Les enseignants ont massivement fait grève ces dernières semaines, les syndicats d’enseignants demandant des augmentations de salaire supérieures à l’inflation. Plusieurs manifestations sont encore prévues en avril et en mai, sauf au Pays de Galles et en Écosse. Dans le même temps, la première priorité déclarée du premier ministre est de réduire l’inflation de moitié, l’indice des prix à la consommation ayant augmenté de 10,4 % sur l’année en février 2023. L’inflation dans le pays a atteint les 10% presque tous les mois depuis juillet dernier.
Bridget Phillipson, députée du parti travailliste, a déclaré que le premier ministre du parti conservateur « ne peut pas tenir cette promesse vide et réchauffée s’il n’y a pas plus de professeurs de mathématiques ».
En 2021, les écoles ont signalé le plus grand nombre de postes vacants depuis 2010, selon la commission parlementaire de l’éducation, qui a lancé une enquête sur le recrutement, la formation et la rétention des enseignants dans les écoles anglaises financées par l’État en mars.
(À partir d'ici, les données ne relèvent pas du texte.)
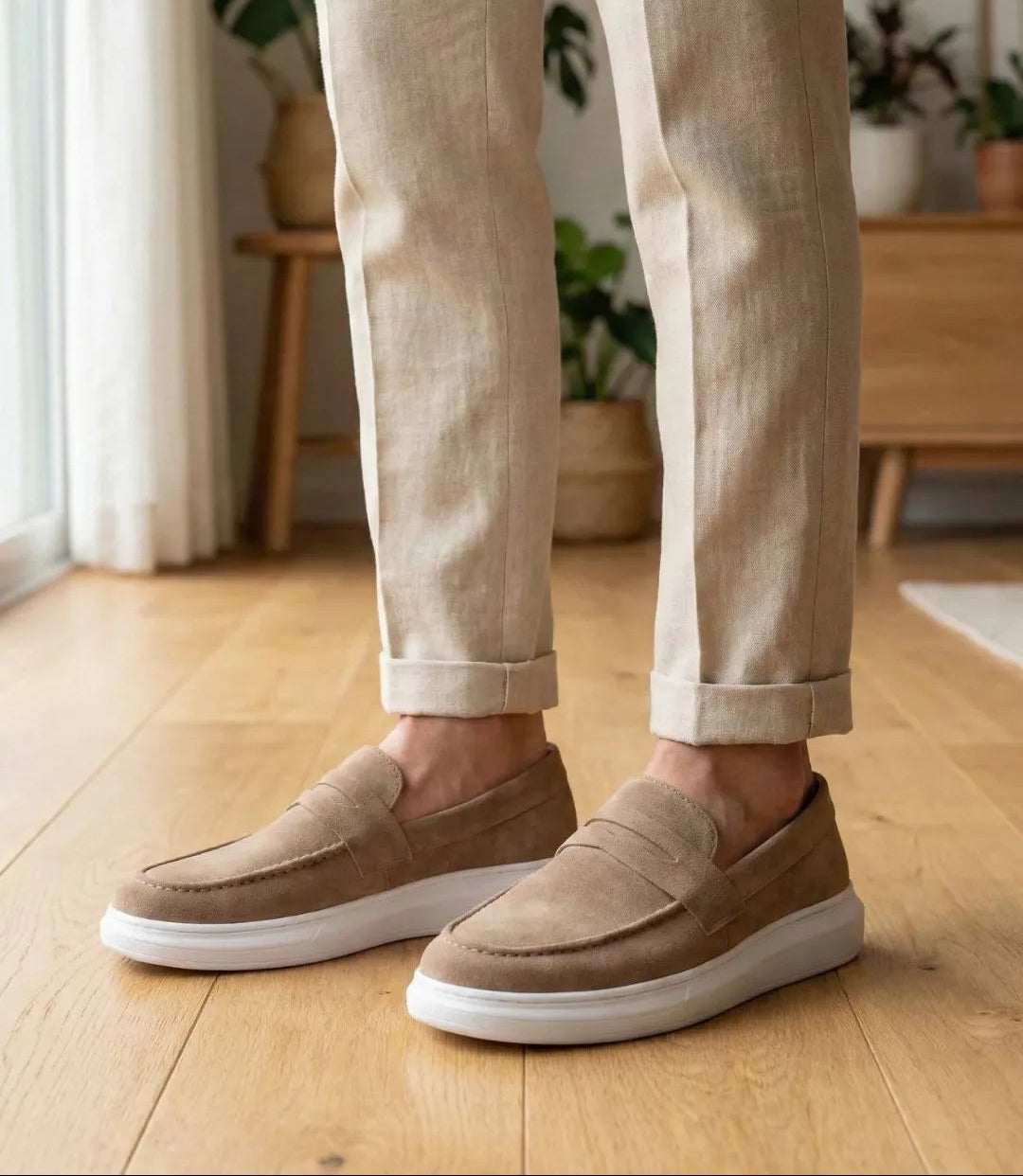 Mocassim Penny Loafer em Camurça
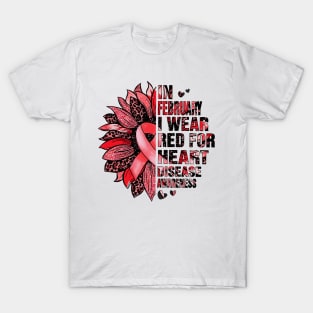 I Wear Red for Heart Disease Awareness Month Red Sunflower T-Shirt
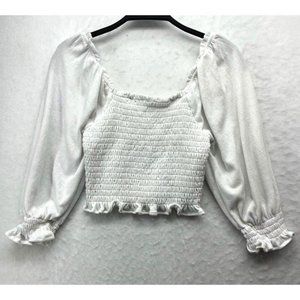 Free People Blouse Women's Sz XS White Off Shoulder Smocked Cropped 3/4 Sleeves
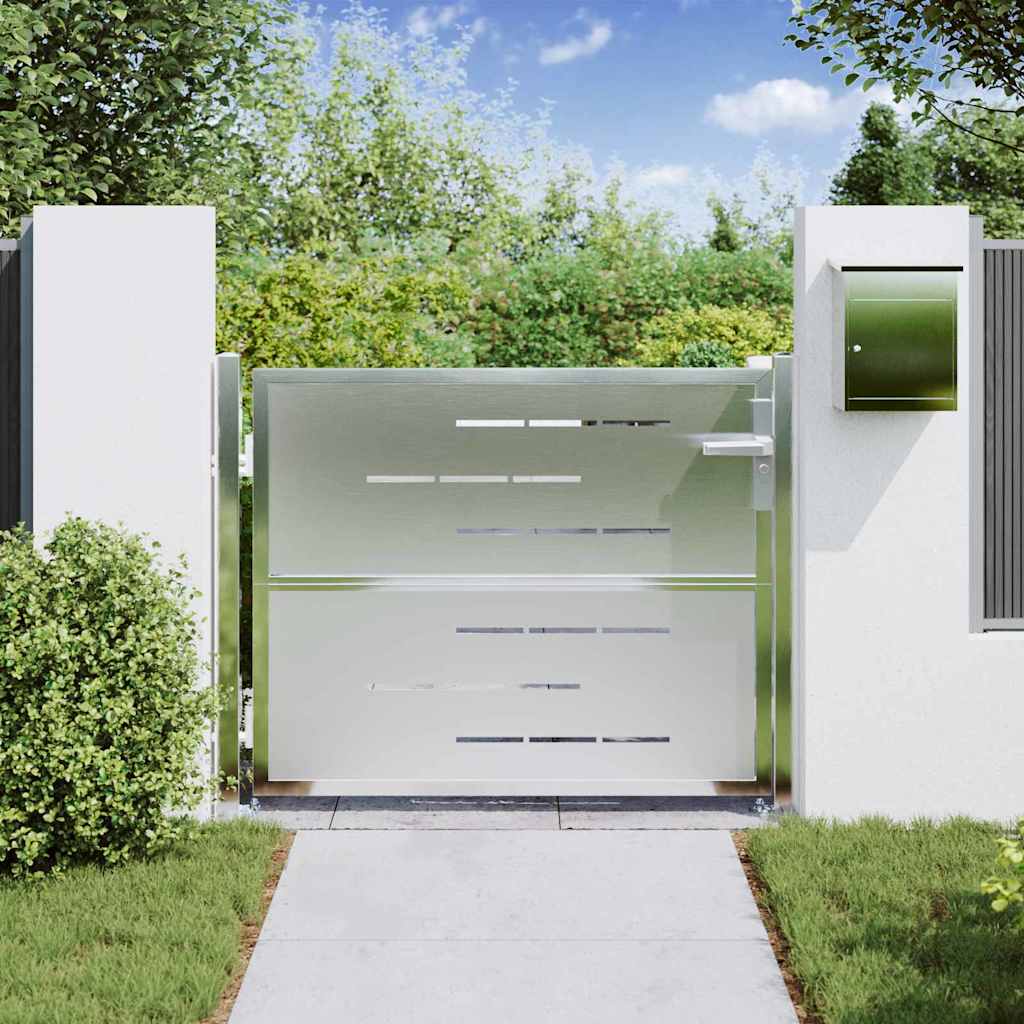 Tuinpoort 85 x 70 cm Roestvrij staal zilver Vergrendelbaar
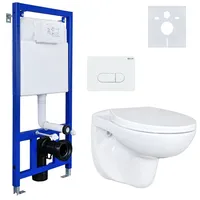 Belvit Wand-WC mit WC-Sitz Weiß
De plus, le pays n’a atteint que 59 % de ses objectifs de recrutement pour les enseignants du secondaire en 2022–2023. Selon un rapport de 2022 de la National Foundation for Educational Research, le manque d’enseignants est particulièrement marqué par en physique, chimie et mathématiques.
Les lacunes en mathématiques pour les jeunes de 16 à 18 ans sont un problème que les autorités publiques tentent d’améliorer depuis des années.
En 2017 déjà, le ministère de l’éducation et des finances ont commandé une étude indépendante sur l’enseignement des mathématiques pour les jeunes de 16 à 18 ans en Angleterre. Dirigée par Sir Adrian Smith, le statisticien et alors vice-chancelier de l’Université de Londres avait été chargé d’étudier la faisabilité d’un enseignement des mathématiques jusqu’à 18 ans pour tous les élèves.
Le rapport promouvait l’augmentation de l’enseignement des mathématiques après 16 ans, mais conclut clairement que le pays ne disposait pas encore du « nombre approprié de choix disponibles ou de la capacité à dispenser le volume et la diversité de l’enseignement requis ».
Le rapport soulignait également la nécessité de « s’attaquer aux perceptions culturelles négatives des mathématiques ». À l’époque, Nick Gibb, ministre d’État chargé des normes scolaires jusqu’en septembre 2021 avant d’avoir été retiré du gouvernement de Boris Johnson, avait répondu que « des travaux étaient déjà en cours pour relever un certain nombre des défis » mis en évidence dans le rapport. M. Sunak a nommé M. Gibb en tant que ministre des écoles en octobre 2022.
Ce lundi, M. Sunak déclare que le changement de la « mentalité anti-maths » ne se ferait pas du jour au lendemain.